Leave out pictures; repeat exactly the lines from the "Photo of property" line through the last of the data below.

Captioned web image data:
───

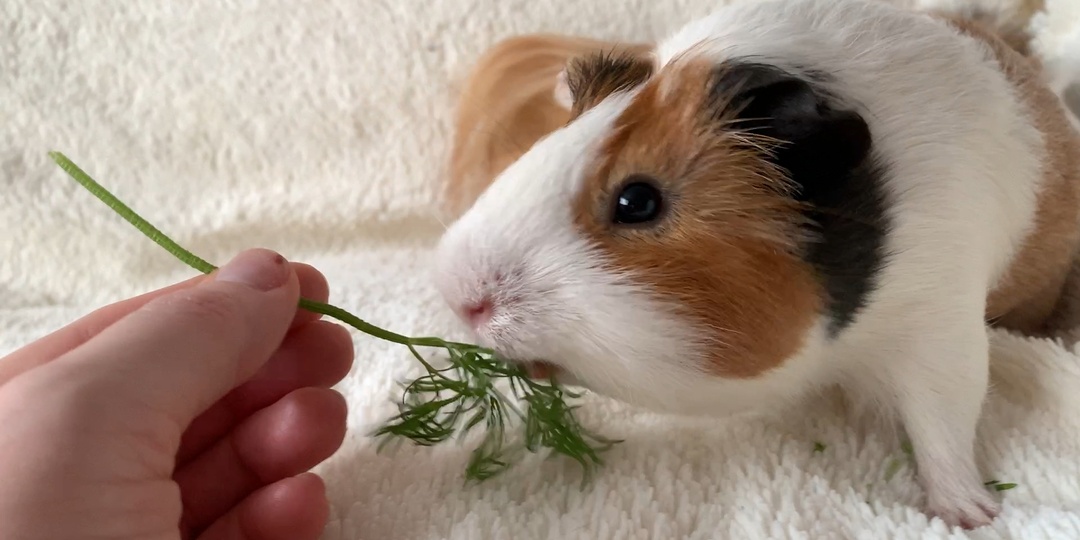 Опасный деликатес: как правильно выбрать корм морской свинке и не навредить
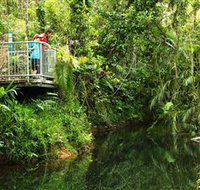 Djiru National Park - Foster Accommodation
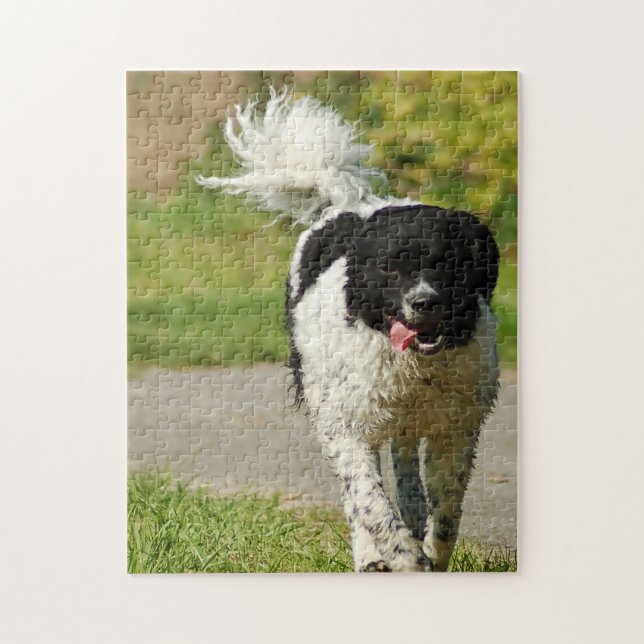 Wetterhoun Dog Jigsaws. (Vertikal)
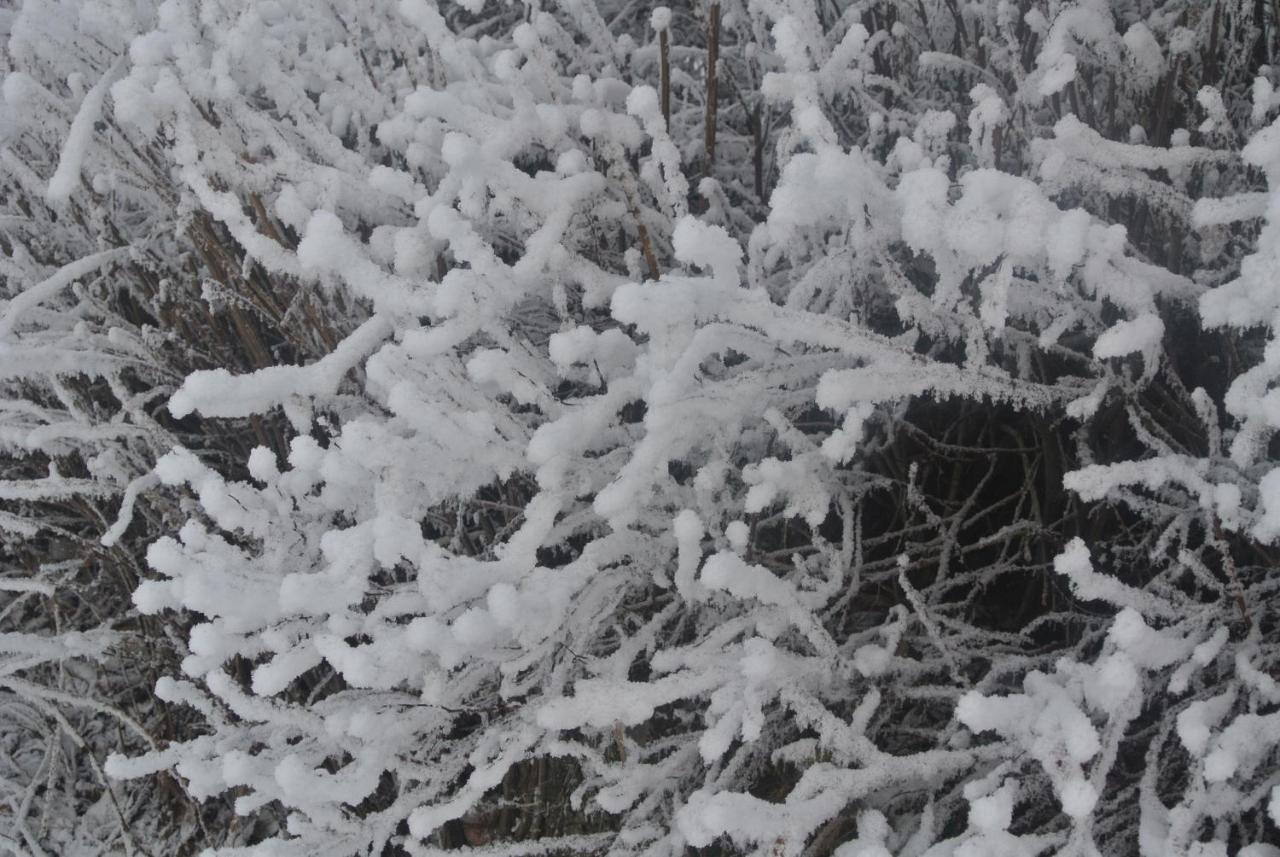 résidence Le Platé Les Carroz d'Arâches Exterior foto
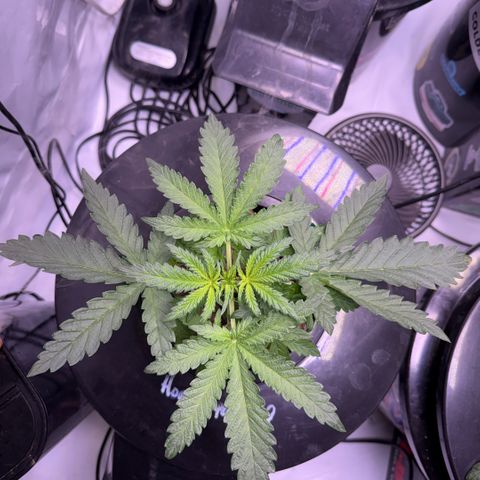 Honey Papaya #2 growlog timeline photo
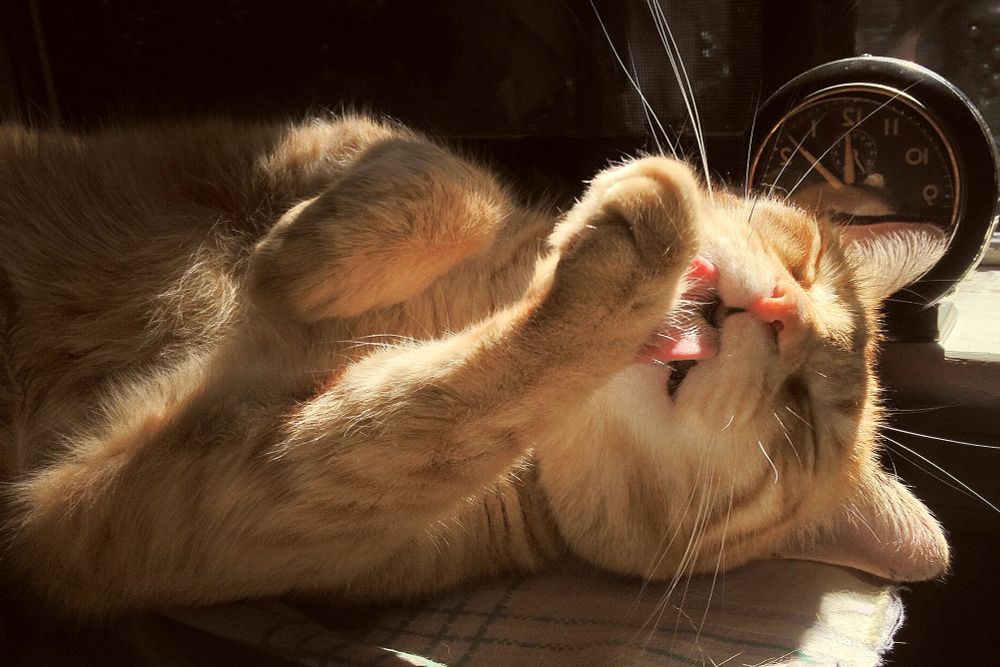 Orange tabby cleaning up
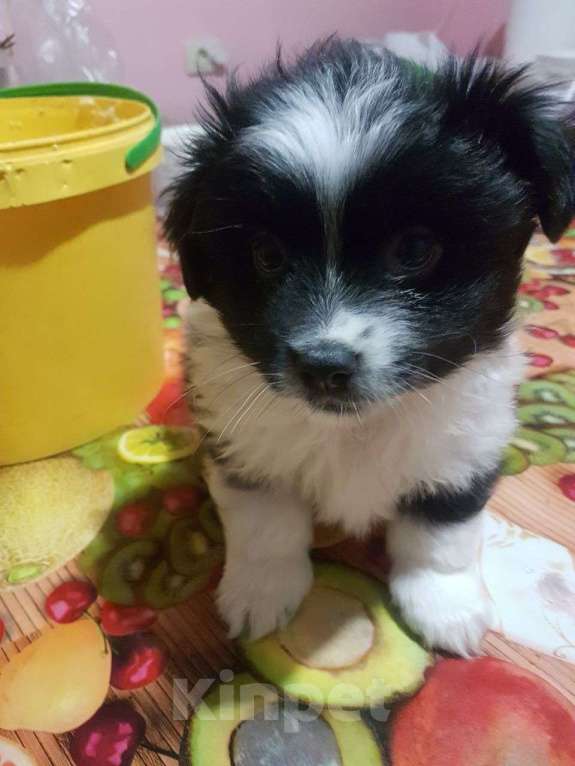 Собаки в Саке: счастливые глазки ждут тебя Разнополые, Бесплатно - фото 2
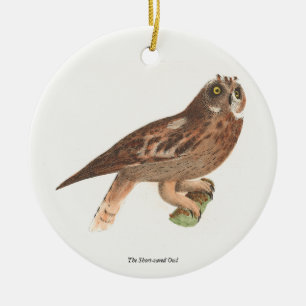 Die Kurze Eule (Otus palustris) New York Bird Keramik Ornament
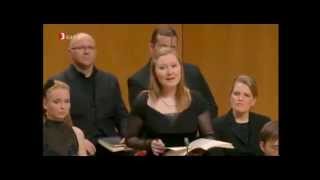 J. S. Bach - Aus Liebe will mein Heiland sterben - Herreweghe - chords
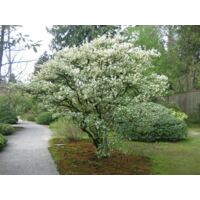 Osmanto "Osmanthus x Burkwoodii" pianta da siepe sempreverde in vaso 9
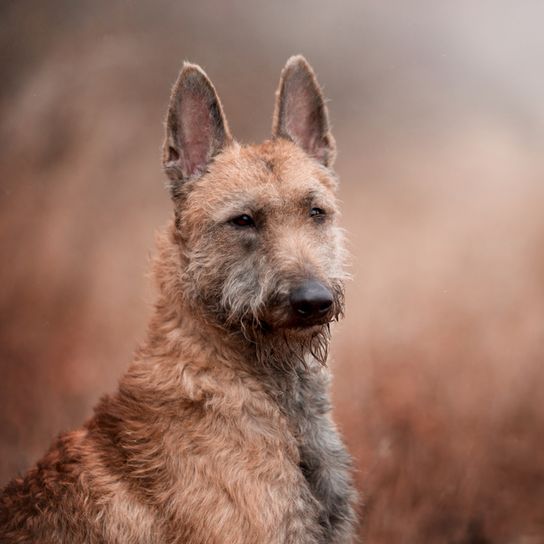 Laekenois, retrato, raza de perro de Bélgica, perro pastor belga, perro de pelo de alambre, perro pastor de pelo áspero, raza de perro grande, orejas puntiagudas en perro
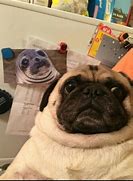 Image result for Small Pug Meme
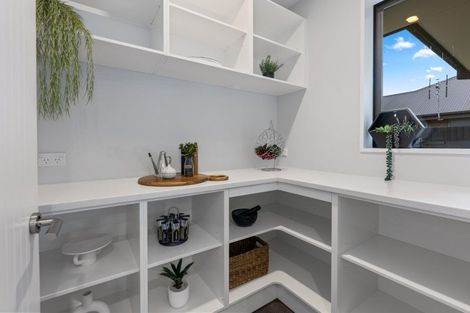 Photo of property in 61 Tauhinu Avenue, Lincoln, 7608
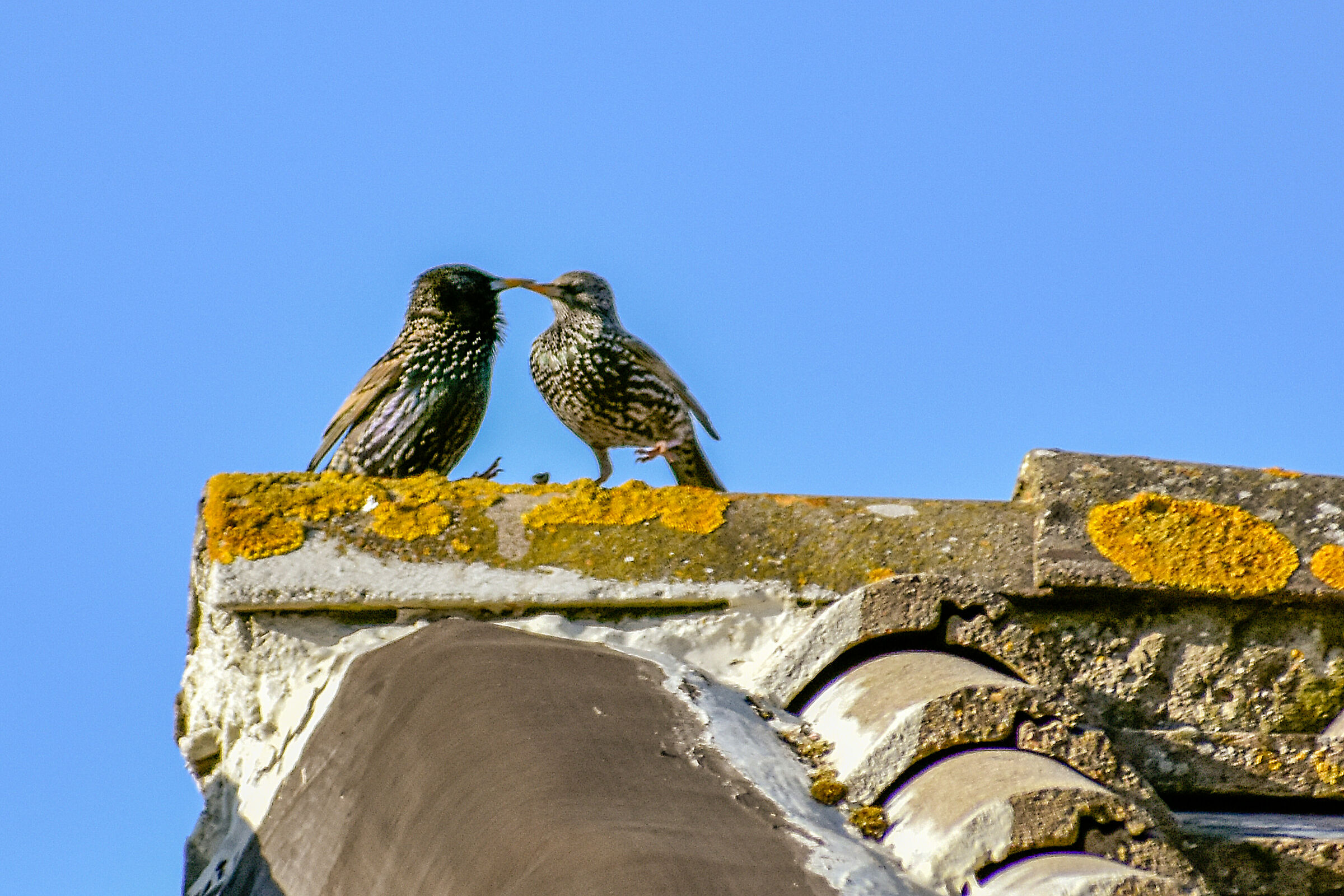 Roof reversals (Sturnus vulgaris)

───

Exercise answer >>
 Photo of property in 61 Tauhinu Avenue, Lincoln, 7608
 Roof reversals (Sturnus vulgaris)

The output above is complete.